Working from the entries that follow, transcribe exactly and only the lines from the one with "146 cm vidaXL" through the last, pictures excluded.
*** Material provided ***
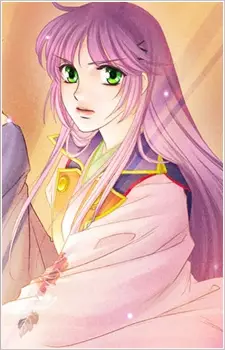 imagem de capa do personagem Nozomi Kasuga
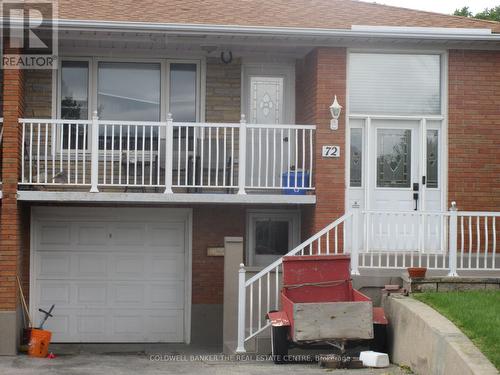 72 NAVAHO DRIVE , Toronto, Ontario M2H 2X3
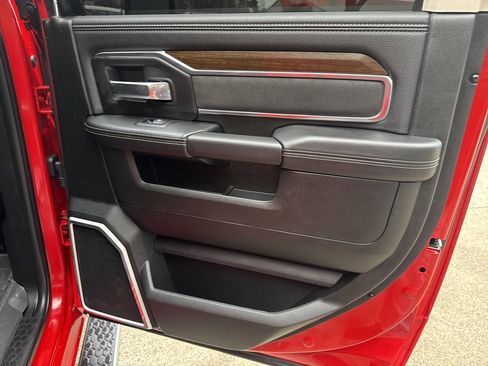 Used 2024 RAM 3500 Laramie w/ Safety Group image 18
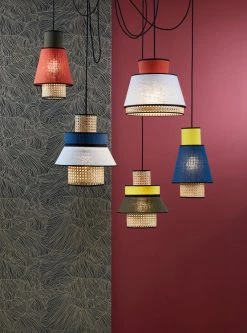 Vakkerlight Singapour PM Suspended Lights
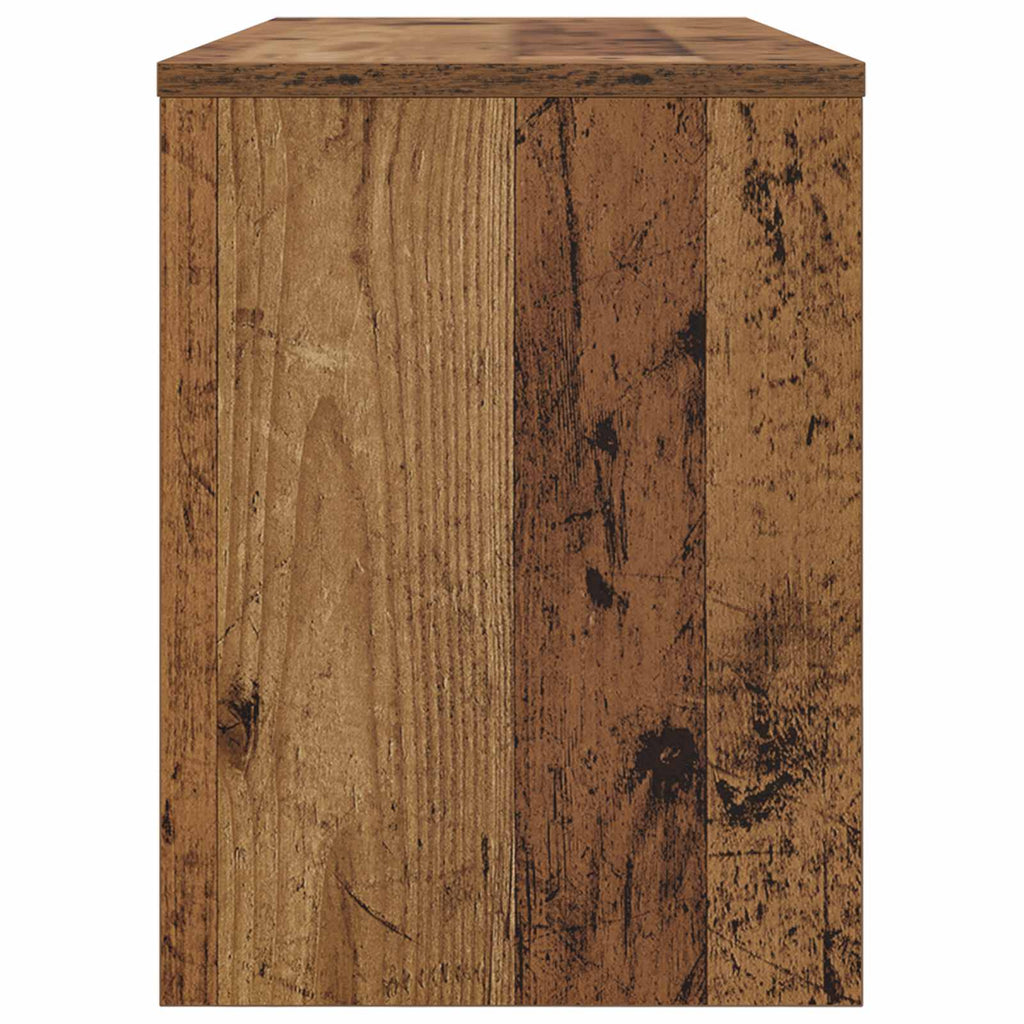 Mobile TV Legno vecchio 80 x 30 x 40 cm Legno multistrato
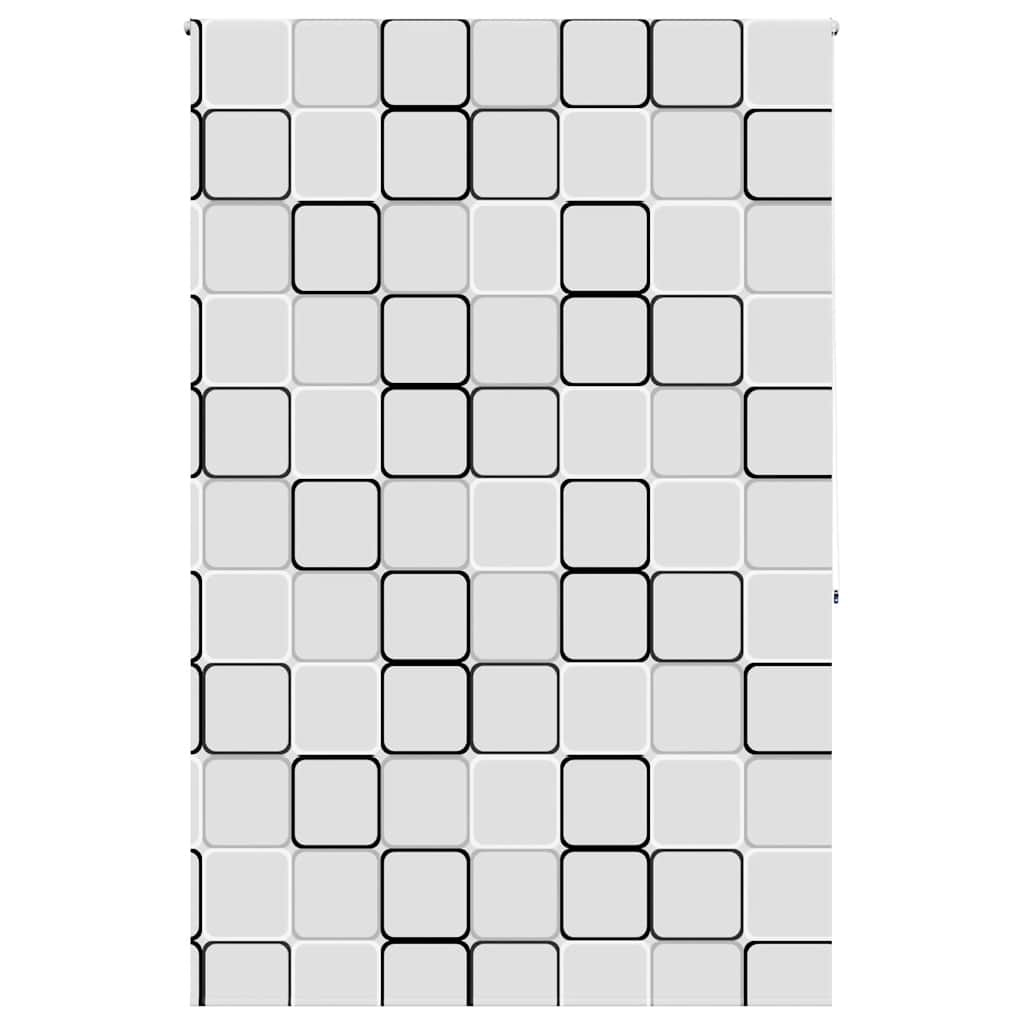 vidaXL Jaluzea cu rolă de duș 150x240 cm lățime material 146 cm vidaXL Jaluzea cu rolă de duș 150x240 cm lățime material 146 cm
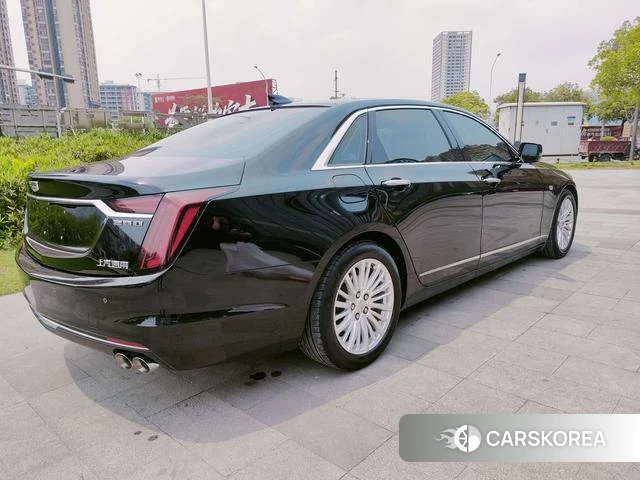 Cadillac CT6 id 3857931 из Китая 25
*** End of Material provided ***
• Exercise answer
 vidaXL Jaluzea cu rolă de duș 150x240 cm lățime material 146 cm vidaXL Jaluzea cu rolă de duș 150x240 cm lățime material 146 cm
 Cadillac CT6 id 3857931 из Китая 25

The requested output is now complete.